Oil prices soared on Tuesday after the US Energy Information Administration reported US crude stocks fell significantly last week and the jittery market remains concerned about uncertain Libyan exports and a production disruption in the Canadian oil sands.  Syncrude photo.

Oil prices up as US crude stocks drop by nearly 10 million barrels

US oil prices hit levels not seen since late November, 2014 after the US Energy Information Administration reported US crude stocks had fallen by 10 million barrels last week, compounding market jitters over uncertain Libyan production, a shutdown in the Alberta oil sands and the looming US sanctions on Iran.

By 3:51 p.m., EDT, benchmark Brent futures rose 96 cents to $77.210/barrel and US crude futures $1.78 to $72.31/barrel.  During the session, US WTI futures hit a session high of $72.92/barrel, the highest since November 28, 2014.  Brent crude reached $78.10/barrel during trading.

The Canadian Crude Index climbed 78 cents to $47.69/barrel.

Oil inventories at the Cushing, Oklahoma, delivery hub for crude futures, dropped by 2.7 million barrels last week and gasoline and distillate inventories rose less than anticipated, according to the EIA.

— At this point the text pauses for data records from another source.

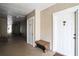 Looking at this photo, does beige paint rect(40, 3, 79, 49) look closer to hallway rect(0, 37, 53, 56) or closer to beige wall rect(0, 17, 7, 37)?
hallway rect(0, 37, 53, 56)

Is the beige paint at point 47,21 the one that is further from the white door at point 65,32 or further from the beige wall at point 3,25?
the beige wall at point 3,25

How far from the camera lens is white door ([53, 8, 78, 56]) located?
83.2 inches

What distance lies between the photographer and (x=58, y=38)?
2600mm

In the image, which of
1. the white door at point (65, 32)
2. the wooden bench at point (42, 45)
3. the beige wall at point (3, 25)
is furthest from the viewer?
the beige wall at point (3, 25)

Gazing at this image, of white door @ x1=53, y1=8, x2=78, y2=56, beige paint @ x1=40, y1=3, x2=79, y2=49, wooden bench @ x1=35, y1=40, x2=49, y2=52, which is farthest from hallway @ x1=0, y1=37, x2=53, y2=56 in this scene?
beige paint @ x1=40, y1=3, x2=79, y2=49

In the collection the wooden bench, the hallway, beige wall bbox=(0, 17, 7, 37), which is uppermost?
beige wall bbox=(0, 17, 7, 37)

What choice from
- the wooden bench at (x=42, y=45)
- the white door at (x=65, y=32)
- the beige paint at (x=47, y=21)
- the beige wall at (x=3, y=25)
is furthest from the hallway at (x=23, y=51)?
the beige wall at (x=3, y=25)

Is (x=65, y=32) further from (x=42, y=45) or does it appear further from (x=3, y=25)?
(x=3, y=25)

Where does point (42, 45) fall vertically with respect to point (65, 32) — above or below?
below

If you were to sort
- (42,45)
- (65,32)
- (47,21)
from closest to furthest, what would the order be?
(65,32) < (42,45) < (47,21)

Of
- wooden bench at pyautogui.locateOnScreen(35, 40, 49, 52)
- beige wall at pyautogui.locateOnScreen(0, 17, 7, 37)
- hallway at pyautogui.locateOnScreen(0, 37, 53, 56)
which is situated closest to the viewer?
hallway at pyautogui.locateOnScreen(0, 37, 53, 56)

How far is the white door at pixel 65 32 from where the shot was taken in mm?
2113

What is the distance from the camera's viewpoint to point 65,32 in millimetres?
2293

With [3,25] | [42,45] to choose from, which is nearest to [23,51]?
[42,45] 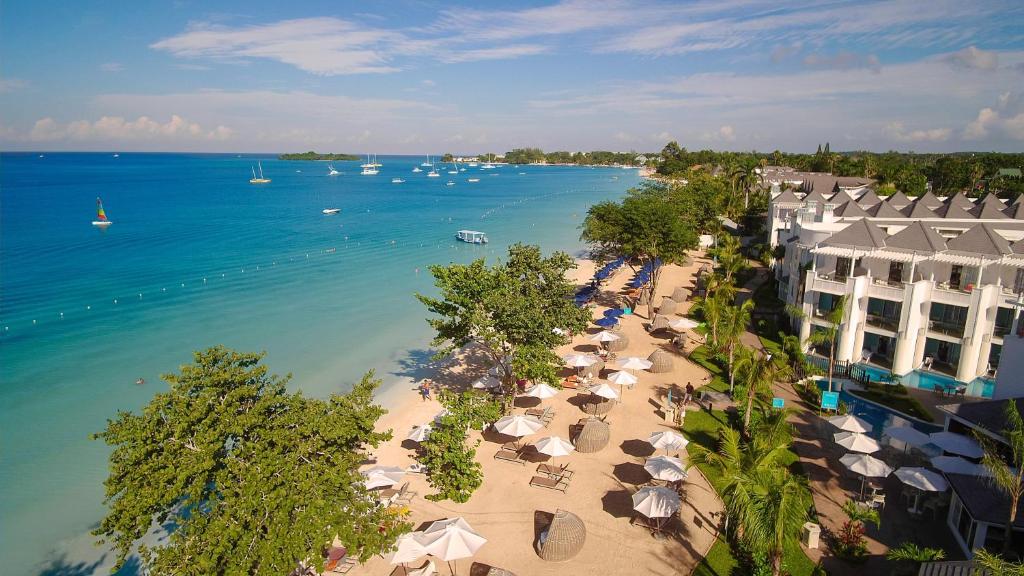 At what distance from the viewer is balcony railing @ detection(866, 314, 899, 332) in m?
25.1

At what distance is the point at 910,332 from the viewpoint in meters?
24.2

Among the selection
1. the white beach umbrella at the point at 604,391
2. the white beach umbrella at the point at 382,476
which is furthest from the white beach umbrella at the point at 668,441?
the white beach umbrella at the point at 382,476

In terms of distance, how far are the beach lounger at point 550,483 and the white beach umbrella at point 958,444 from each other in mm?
11368

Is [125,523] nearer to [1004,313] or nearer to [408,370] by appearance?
[408,370]

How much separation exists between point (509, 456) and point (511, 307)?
5381 millimetres

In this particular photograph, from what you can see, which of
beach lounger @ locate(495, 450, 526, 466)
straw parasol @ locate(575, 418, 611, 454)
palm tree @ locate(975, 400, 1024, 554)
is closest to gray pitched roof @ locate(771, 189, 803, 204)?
straw parasol @ locate(575, 418, 611, 454)

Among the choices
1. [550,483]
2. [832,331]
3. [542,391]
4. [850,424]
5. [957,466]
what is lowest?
[550,483]

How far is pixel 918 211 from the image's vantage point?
37.4m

Referring to the drop in stocks, Bob Yawger, director of energy futures at Mizuho said “Cushing is a whopper”.

According to Reuters, the EIA data reflects only one day of the Syncrude shutdown in the Alberta oil sands, which feeds into Cushing-bound pipelines.

“Next week, you’re going to have a Cushing storage number that includes seven days of the Syncude outage. The math there would imply would imply that you’d get an even bigger draw than this week,” Yawger said.

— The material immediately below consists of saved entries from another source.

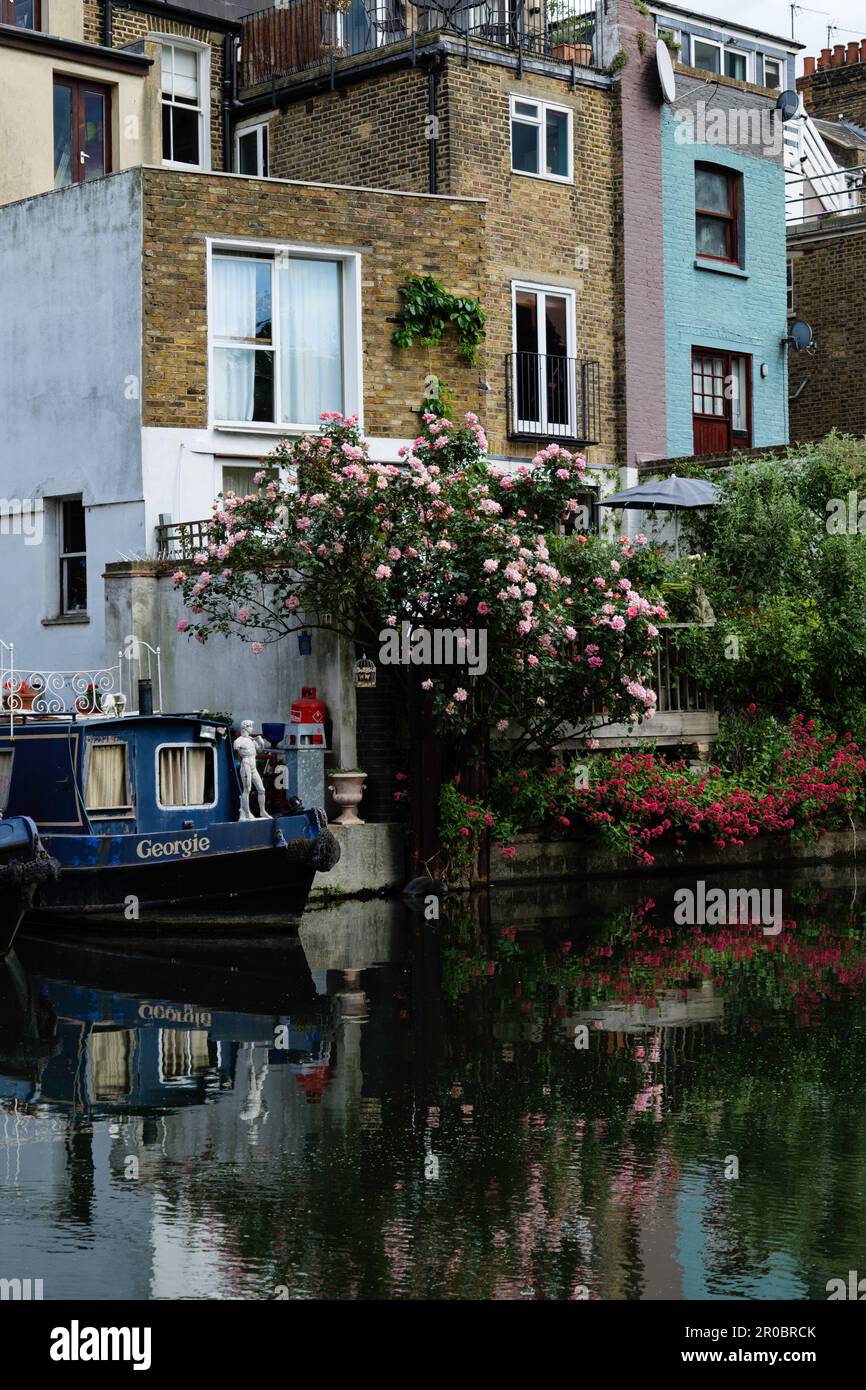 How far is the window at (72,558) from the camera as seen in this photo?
2780 cm

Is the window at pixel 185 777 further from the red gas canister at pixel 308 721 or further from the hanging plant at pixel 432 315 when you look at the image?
the hanging plant at pixel 432 315

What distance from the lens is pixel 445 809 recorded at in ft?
77.4

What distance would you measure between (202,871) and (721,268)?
18.0 metres

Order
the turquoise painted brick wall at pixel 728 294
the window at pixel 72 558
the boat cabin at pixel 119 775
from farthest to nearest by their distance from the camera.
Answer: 1. the turquoise painted brick wall at pixel 728 294
2. the window at pixel 72 558
3. the boat cabin at pixel 119 775

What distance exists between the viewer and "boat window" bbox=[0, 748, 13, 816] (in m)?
22.1

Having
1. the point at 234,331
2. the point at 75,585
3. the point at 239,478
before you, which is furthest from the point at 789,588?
the point at 75,585

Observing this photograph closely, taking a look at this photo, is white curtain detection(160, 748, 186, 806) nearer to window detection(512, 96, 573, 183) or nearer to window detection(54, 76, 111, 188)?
window detection(54, 76, 111, 188)

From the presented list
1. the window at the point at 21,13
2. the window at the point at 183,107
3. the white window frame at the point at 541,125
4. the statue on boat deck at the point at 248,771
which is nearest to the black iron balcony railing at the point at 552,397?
the white window frame at the point at 541,125

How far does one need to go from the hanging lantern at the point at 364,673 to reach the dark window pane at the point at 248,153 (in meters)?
12.8

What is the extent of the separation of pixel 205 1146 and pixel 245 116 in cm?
2506

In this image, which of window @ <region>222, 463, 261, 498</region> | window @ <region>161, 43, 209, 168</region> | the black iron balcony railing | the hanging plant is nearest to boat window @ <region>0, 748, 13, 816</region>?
window @ <region>222, 463, 261, 498</region> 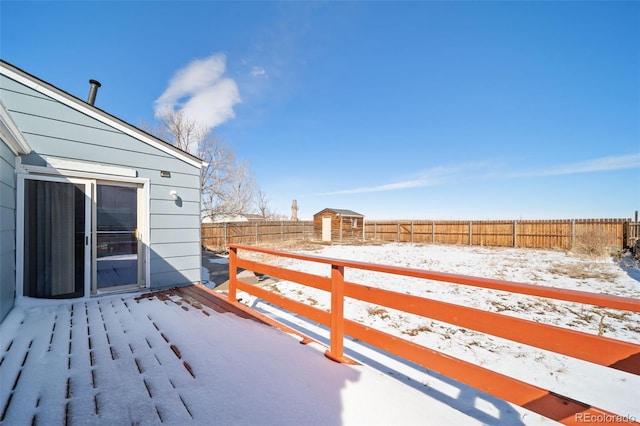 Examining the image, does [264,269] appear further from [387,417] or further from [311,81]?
[311,81]

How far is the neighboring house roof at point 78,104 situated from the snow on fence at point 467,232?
946 cm

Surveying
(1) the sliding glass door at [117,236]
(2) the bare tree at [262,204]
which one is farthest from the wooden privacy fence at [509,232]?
(1) the sliding glass door at [117,236]

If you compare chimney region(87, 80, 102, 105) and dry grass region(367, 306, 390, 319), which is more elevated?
chimney region(87, 80, 102, 105)

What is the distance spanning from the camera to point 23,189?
3.26 meters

Last week, production at Syncrude was shut down due to a power outage.  The 350,000 barrel per day (b/d) oil sands plant is expected to be offline at least through July.

Analysts say that since the Syncrude shutdown, supplies of heavy crude across North America have been drained and have contributed to a major draw in US crude inventories.

As well as idle production at Syncrude, the market is watching an escalation of tensions in Africa and the Middle East which could result in a disruption to supplies.

Libya is in the midst of a power struggle between the internationally recognized government and rebels.  This has made it unclear who handle’s the country’s crude exports.

As well, with the Trump administration’s sanctions on Iran imminent, the future of Iranian crude exports is hazy as the US has told all countries to halt imports of oil from Iran beginning in November.

Even though there is widespread global opposition to the Trump stance on Iran, analysts expect there will be a significant decline in Iran’s crude exports, possibly in excess of 1 million b/d.

In May, Iran’s crude output hit 3.8 million b/d, according to a Reuters survey.

The unilateral US sanctions against Iran will likely have a “high level of efficiency”, according to Goldman Sachs.

However, risk consultancy firm Eurasia Group said it is “very unlikely” that the US will succeed in cutting Iranian oil sales as quickly as it had hoped.

But, Eurasia Group added “We are increasing our estimate of oil likely to come off the market by November to about 700,000 /d — another bullish factor for prices.”

In response to concerns over falling crude supplies, last week, OPEC announced it will boost its production.  A Reuters’ source says Saudi Arabia says it can ramp up its output to a record high 11 million b/d in July, up from 10.8 million b/d in June.